19. Une disposition similaire figure dans la directive sur le commerce électronique de 2000 concernant les prestataires de services de la société de l'information, qui s'apparente à des obligations d'information imposées dans le passé ou actuellement dans le contexte de la législation sur la protection des consommateurs. Ces obligations de fournir certaines informations – en particulier l'identité et les coordonnées du fournisseur – avant la fourniture du service/bien visent à permettre au consommateur de contacter rapidement le fournisseur et de communiquer avec lui de manière efficace en cas de conflits typiques (livraison tardive ou non effectuée, discordances entre le service/bien livré et le service/bien commandé, prix incorrect, etc.). Cependant, elles permettent simplement au client d'obtenir la dénomination, l'adresse et la personne à contacter de la société, et non pas de «sa[voir] exactement qui est responsable du contenu des services en question». Cela contraste avec l'importance proclamée de cette information, à la lumière de l'impact des services audiovisuels sur la manière dont le public se forme une opinion, comme la Directive relative aux services de médias audiovisuels le souligne elle-même.
20. Il est vrai que la compétence législative de l'Union européenne en ce qui concerne le pluralisme des médias et la transparence de la propriété des médias est sujette à controverse, raison probable pour laquelle le législateur européen n'a pas introduit d'obligations plus strictes dans la Directive relative aux services de médias audiovisuels en 2007. Dans sa Résolution du 21 mai 2013, le Parlement européen a demandé à la Commission d'inclure dans l'évaluation et la révision de la directive «Services de médias audiovisuels» des dispositions sur la transparence de la propriété des médias et sur la concentration des médias, ainsi que des règles en matière de conflits d'intérêts en vue d'empêcher toute influence abusive des forces économiques et politiques sur les médias, mais il reste à voir les mesures concrètes qui s'ensuivront. Reconnaissant l'importance de la transparence de la propriété des médias lors de sa réunion du 26 novembre 2013, le Conseil de l'Union européenne estime qu'il incombe aux Etats membres de prendre les mesures adaptées pour parvenir à une véritable transparence de la propriété des médias, et se limite à inviter la Commission à «renforcer, au moyen d'actions non législatives, la coopération entre les instances de régulation de l'audiovisuel des Etats membres et promouvoir les bonnes pratiques concernant la transparence en matière de propriété des médias».

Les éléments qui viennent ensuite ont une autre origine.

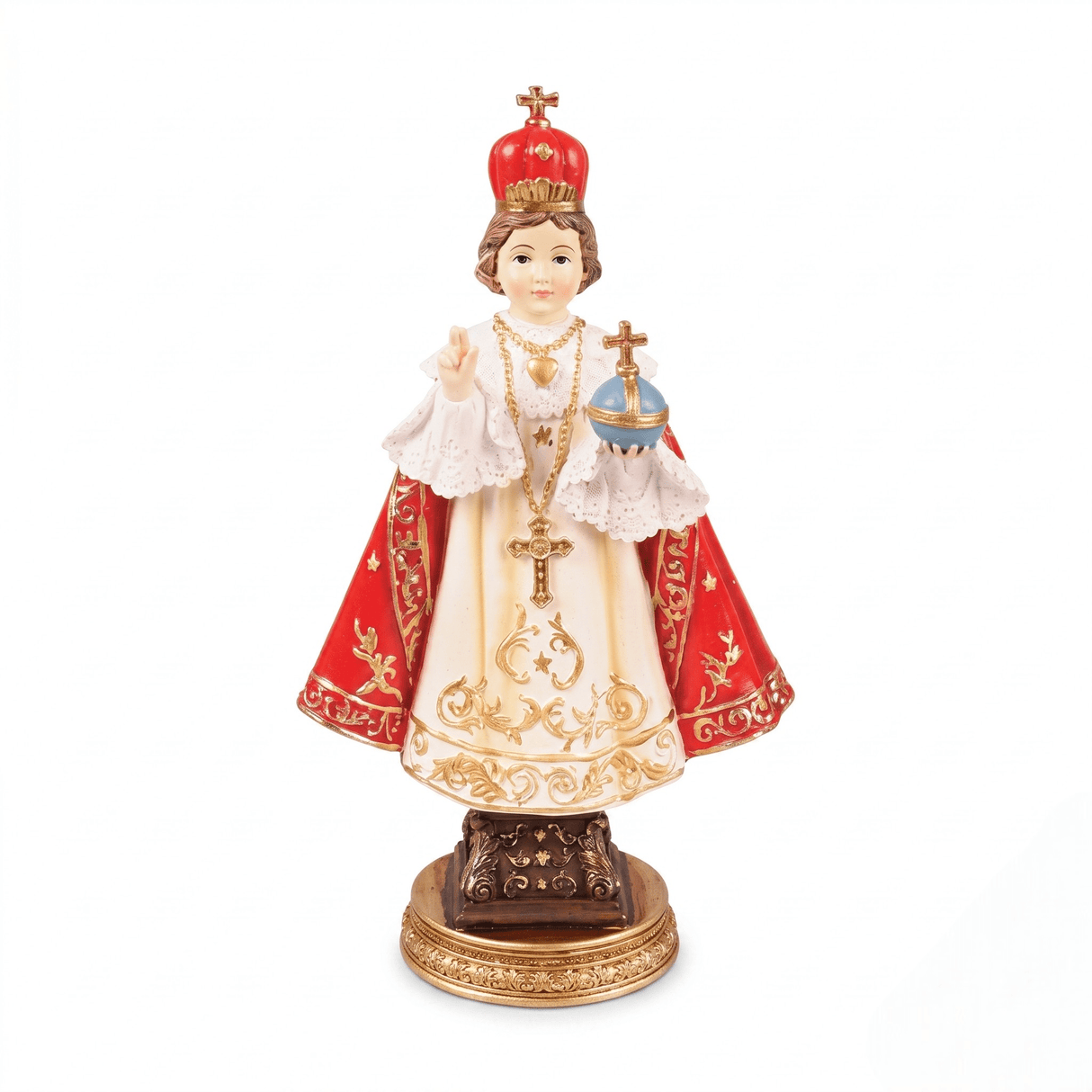 Renaissance Child Of Prague Statue 8 Inch - ORNAMENTS - Beattys of Loughrea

3.3. Exigences pour assurer la transparence

21. En général, on peut distinguer deux types d'obligations de divulgation: d'une part, les règles visant à assurer une transparence vis-à-vis des autorités de régulation (divulgation indirecte) et, d'autre part, les règles visant à assurer une transparence vis-à-vis du public (divulgation directe). La première catégorie d'obligations se subdivise elle-même en obligations de divulgation spécifiques aux médias, qui figurent dans les lois relatives aux médias, et les obligations de transparence non spécifiques aux médias, qui sont généralement énoncées dans les lois de caractère général sur les sociétés et/ou les lois sur les conflits d'intérêt axées sur les responsables politiques et/ou les agents publics.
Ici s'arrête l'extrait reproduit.